Many drivers underestimate the importance of the brake system; while you need to have a working engine and suspension system, the brake system is crucial to keeping you safe and avoiding accidents. Let’s be honest, if you can’t stop your vehicle then you’re a in a bit of a pickle. But what is the entire braking system made from and what are the individual components? Let’s explore the braking system for newer road users as well as go into some issues you might have with your brakes.

The Car Brake System & Components

Being able to brake effectively is very important in many situations; other drivers or objects on the road may appear out of nowhere or you might have caught a red light at the last minute. Getting your brakes sorted by your own local mechanic is all well and good, but understanding how the whole system works is the first step towards understanding how to maintain your brakes (and stay safe on the road).

Master Cylinder

The master brake cylinder is one of the most important components of your system and is how power is transferred to the brakes to clamp. It stores and distributes pressurised brake fluid to your vehicle’s wheels giving your vehicle the ability to stop. If your master cylinder has issues, then you’re going to have either inconsistent or weak braking ability.

Brake Lines and Hoses

These can be considered as the veins or arteries of the braking system; the lines and hoses transfer the fluid between all the components of the braking system. The transfer of fluid occurs when the brakes are pressed and then the pressure is distributed within the entire system.

Brake Calipers

Brake callipers are responsible for transferring pressure to generate friction on the wheels to make them stop. The transfer of pressure comes from the master cylinder so the callipers can do their job to slow the vehicle.

Brake Pads

The pads are where the friction occurs and helps to clamp onto the wheels to make them slow down.

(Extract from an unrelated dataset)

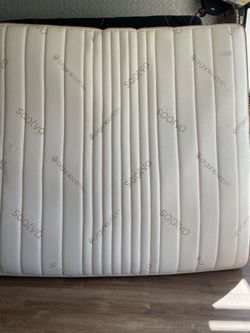 Saatva king mattress
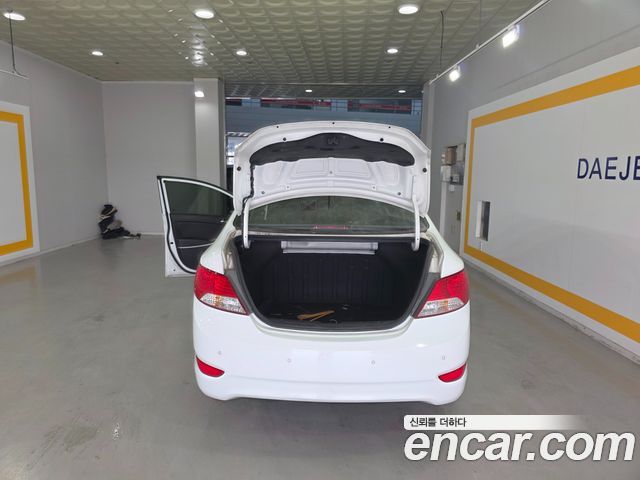 Hyundai Accent 2012 — photo 16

If we didn’t have this friction from the pads the ability to slow down would be much less efficient. Because these components get worn easily it’s recommended to replace them often.

Rotors and Wheels

Rotors are attached to the wheels in a disc brake system, the rotors are essentially the connection between the wheels and the braking system. The rotors get clamped by the callipers and brake pads when they transfer the hydraulic pressures that slow the wheels down.

Common Problems with Brakes

Now that we’ve established the components and working of a braking system, it’s important to look at some of the major issues we face with brakes.

Worn Brake Pads

If you hear a squeaky sound when you press on the brakes, then this is a good indication that your pads might need to be replaced. The sound is due to brake pads being worn down so much that there is either metal-to-metal contact or low padding. Luckily this is an easy fix and all you need to do is find replacement pads which is relatively cheap.

Air Within Brake Lines

If you’ve been braking and noticed that it’s softening that may be an indication that the brake lines have issues. The main problem that can arise is that air gets trapped within the lines and hoses. This is due to a leak in the lines which is usually caused by corrosion and will need to be checked out by a mechanic locally to assess the situation.

Brake Fluid Leakage

Similar to getting air within brake lines, fluid leakage can also be a common occurrence that is due to things like corrosion. The braking system requires lots of fluid to operate and high levels of pressure so any alteration to this balance may be the cause of issues. If you notice weakness in your brakes best to get them checked out by a professional.


The brake system is an essential part of your car, not only for performance but also for safety. While many drivers don’t pay so much attention to all the individual components of their vehicles the brakes are definitely something worth looking out for, if you can at least be aware of what any noises or weaknesses in brakes then it will help you spot problems early. Happy driving.